Action item
Although the records contain pictures, print none of them; print exactly the lines from the one with "Didatangi Tim Ice" through the last line.

Data for analysis
________________________________________

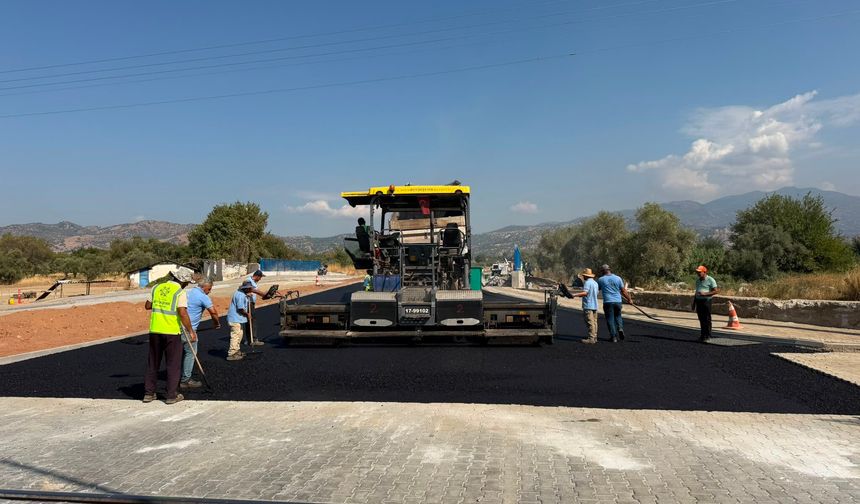 Başkan Çerçioğlu Aydın'ın dört bir yanında yol yapım ve yenileme çalışmalarını sürdürüyor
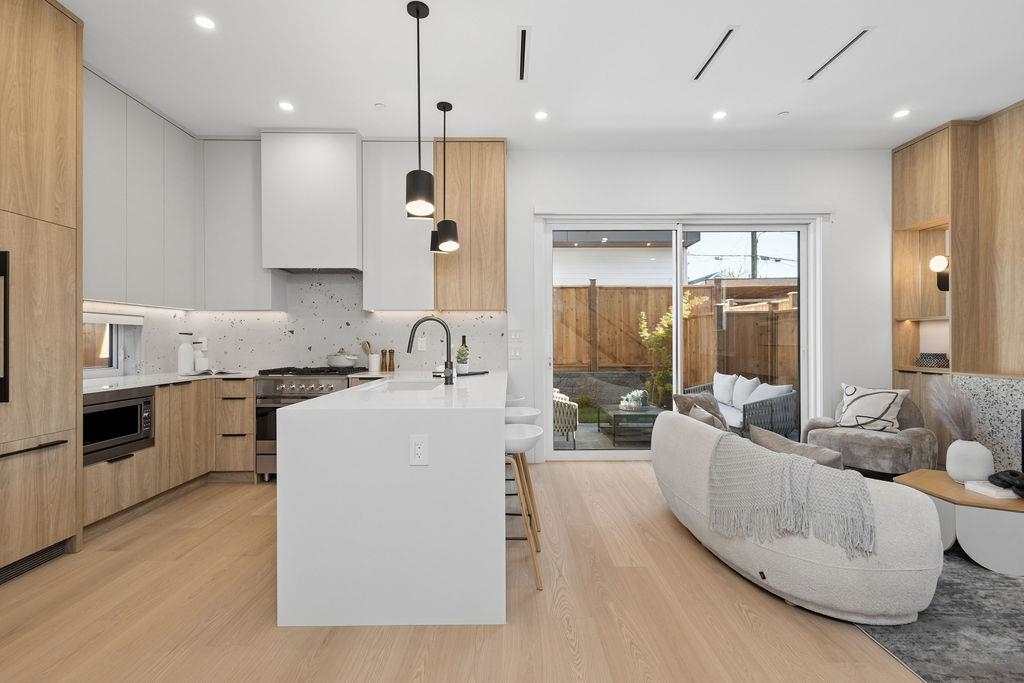Additional image 4 of 2-2752 Graveley Street, Vancouver, BC, V5K 3J8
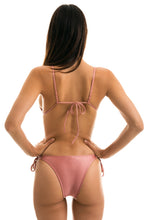 Carregar imagem no visualizador da galeria, Model Back: Rio De Sol Calcinha Bottom Callas Invisible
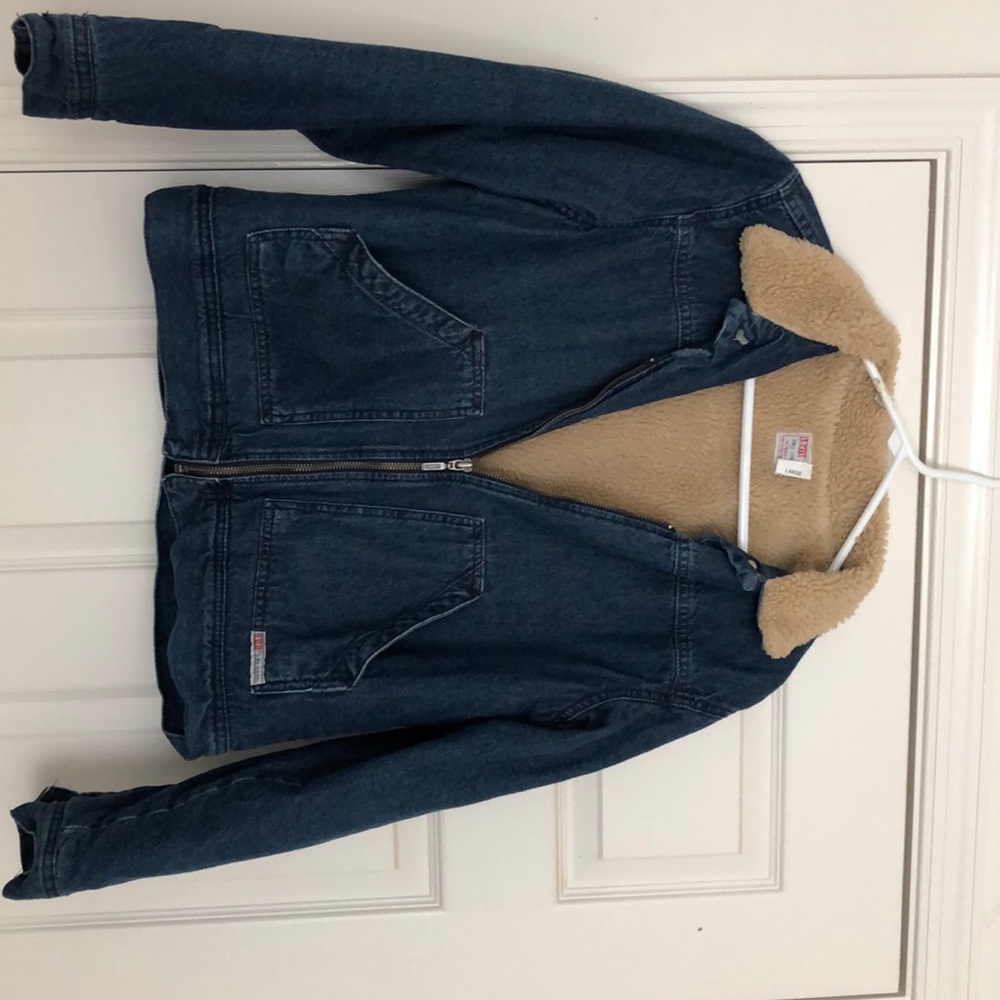 Levi’s women’s coat with Sherpa lining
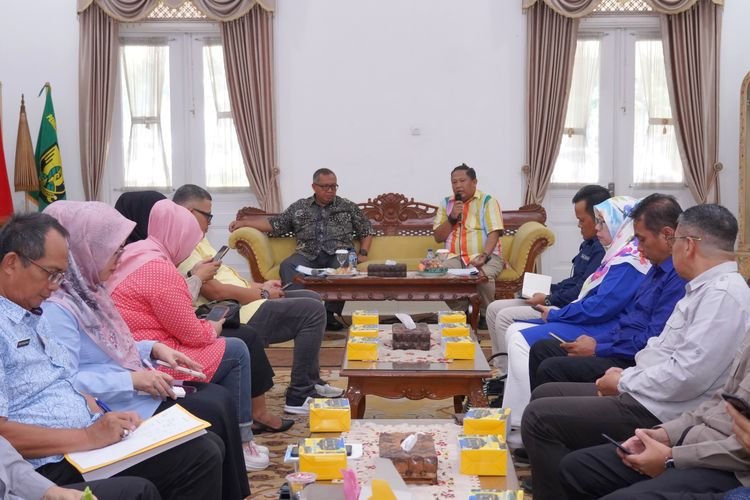 Didatangi Tim Ice Blue Production, Bupati Sukabumi Beberkan Potensi Wilayahnya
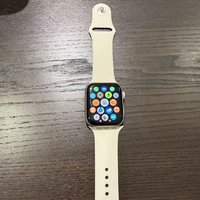 Apple Watch SE2代44mm是一款出色的智能手表。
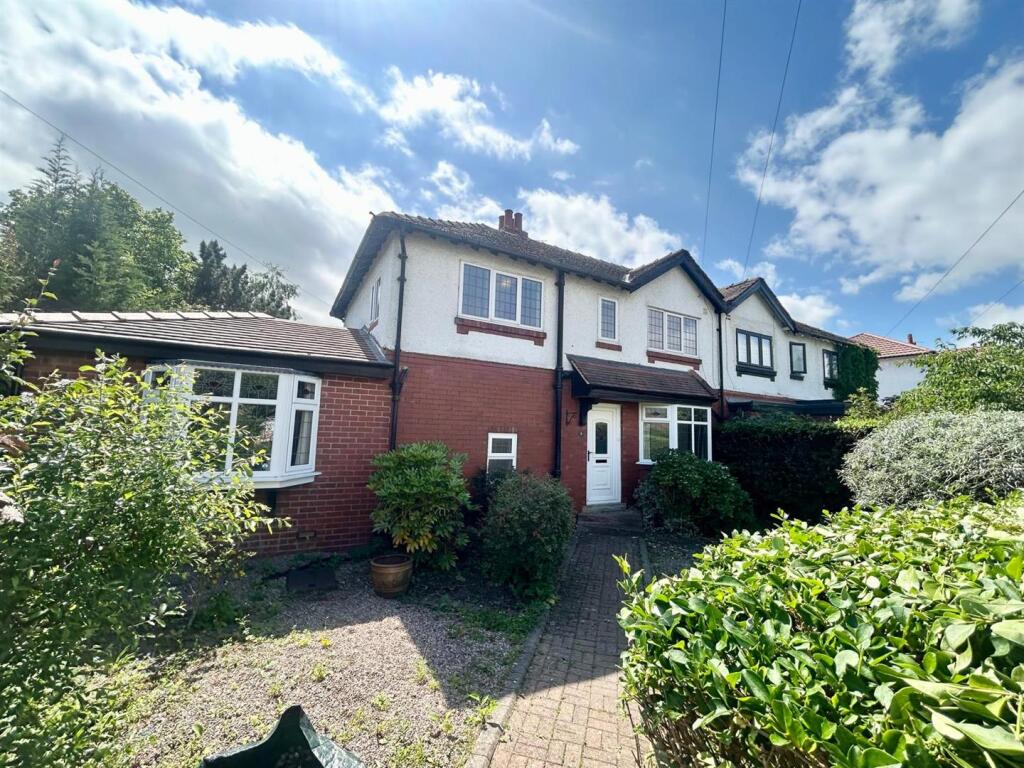 4 bed Semi Detached for rent in Bramhall. From Stuarts Property Services - Cheadle 4 bed Semi Detached for rent in Bramhall. From Stuarts Property Services - Cheadle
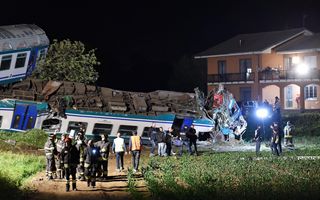 Torino, incidente tra treno e TIR. Due morti e 20 feriti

________________________________________

Output below
 Didatangi Tim Ice Blue Production, Bupati Sukabumi Beberkan Potensi Wilayahnya
 Apple Watch SE2代44mm是一款出色的智能手表。
 4 bed Semi Detached for rent in Bramhall. From Stuarts Property Services - Cheadle 4 bed Semi Detached for rent in Bramhall. From Stuarts Property Services - Cheadle
 Torino, incidente tra treno e TIR. Due morti e 20 feriti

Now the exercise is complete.